EDIT: Whoops! We don't want a and b between p and q; we want p and q between a and b. Unless I'm mistaken, that last example has two or three viable solutions.

 

[pjbrad9]

Thank you for your work, Dr. Peterson. Yes, we want p and q between a and b in the convention you established. In your first example, where you made a symmetric distribution of p=1, c=5, and q=9, we know that the mean is 5. And so we know that min and max should be equidistant from 5. And so if I'm interpreting your results correctly, it appears that the upper intersection in quadrant 1 is the correct solution for that example, with the min (a) being approximately -2 and the max (b) being approx. 12. These are each approx. 7 units away from the mode of 5. We also can rule out the other solutions because we know that the following conditions must be met: a <= p and b >= q, and that upper left intersection is the only solution satisfying these conditions.
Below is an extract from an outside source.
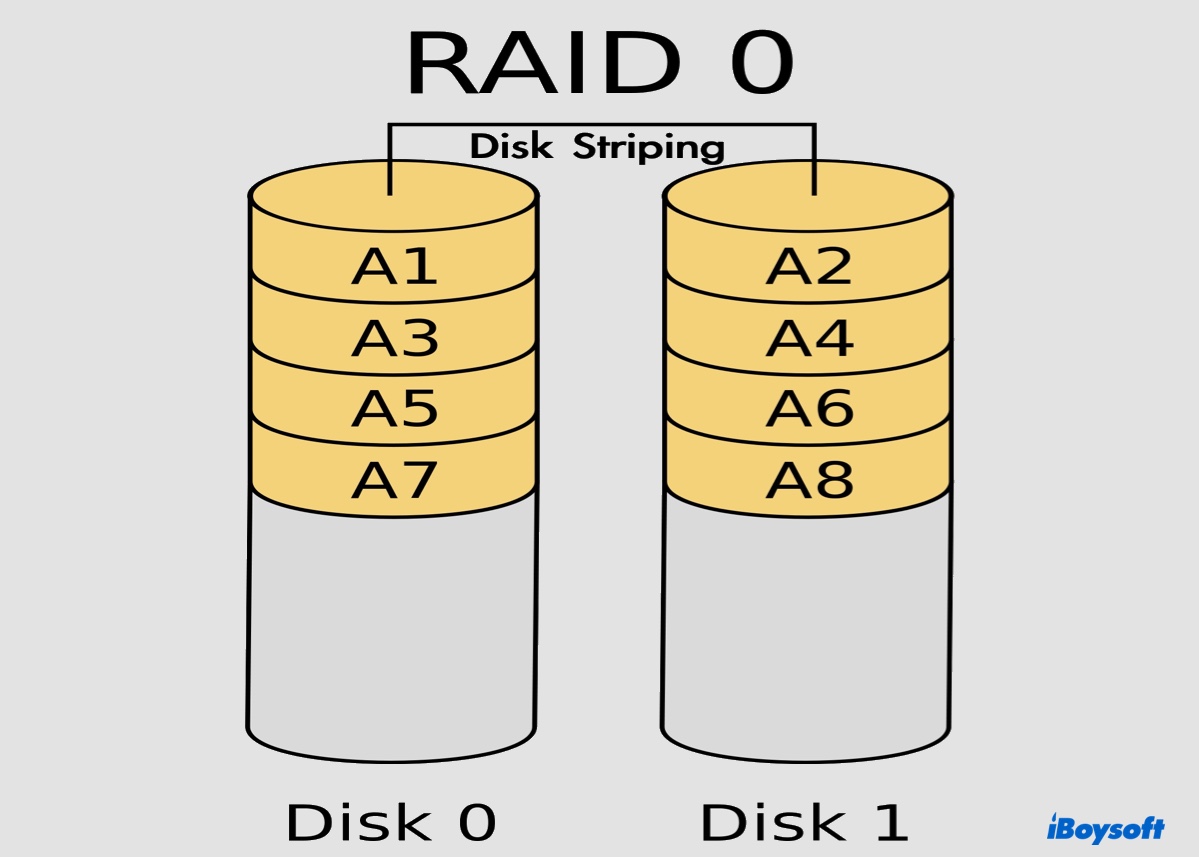 graphical explanation of RAID 0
For a valid triangular probability density function (PDF), there can only be one solution. It is possible, however, for the user to enter values for p, c, and q that are invalid for establishing a PDF. For example, it's impossible to have a p10 of 1, a mode of 2, and a p90 of 1,000,000,000,000. There is no triangular distribution that can be made to satisfy those inputs.

Again, thank you for sharing this. I think this gets me a step closer. I need to process it a bit more to make sure I understand your derivation. Then I need to figure out how to make it work efficiently in the spreadsheet. I'll let you know if I get to final resolution.

 

[Dr.Peterson]

Clearly I hadn't (haven't) completely thought through the implications of my graphs; I had changed names of variables a couple times, including changing a and b to x and y for graphing, which led to some confusion. I don't know where I got the idea of everything being between 0 and 10!

Looking more carefully now, I see that the correct answer in the first example, as you say, is the upper left intersection, (-2.236, 12.236), the only one in which a<p and b > q (that is, x<1 and y>9). Here is a version of that graph with illegal values shaded. (I see you mistakenly said "quadrant 1", but did mean this correct answer.)



Just to make sure I'm not still missing something, let's plug this data (a = -2.236, c = 5, b = 12.236) into the formulas from Wikipedia.

Then [MATH]P(x<1) = \frac{(x-a)^2}{(b-a)(c-a)}= \frac{(1--2.236)^2}{(12.236--2.236)(5--2.236)} = 0.1[/MATH], as required. By symmetry, [MATH]P(x>9) = 0.1[/MATH] too.

So this looks good. "All you need to do" is to find either an algebraic solution, or a way for Excel to find it for you.

 

[pjbrad9]

Yes, sorry I meant quadrant 2. Well the good news is I think I can work with this. The bad news is I think it’s going to be as messy as I feared. An algebraic solution will work best with Excel, so I’m going to work towards that. Thanks again for all your help.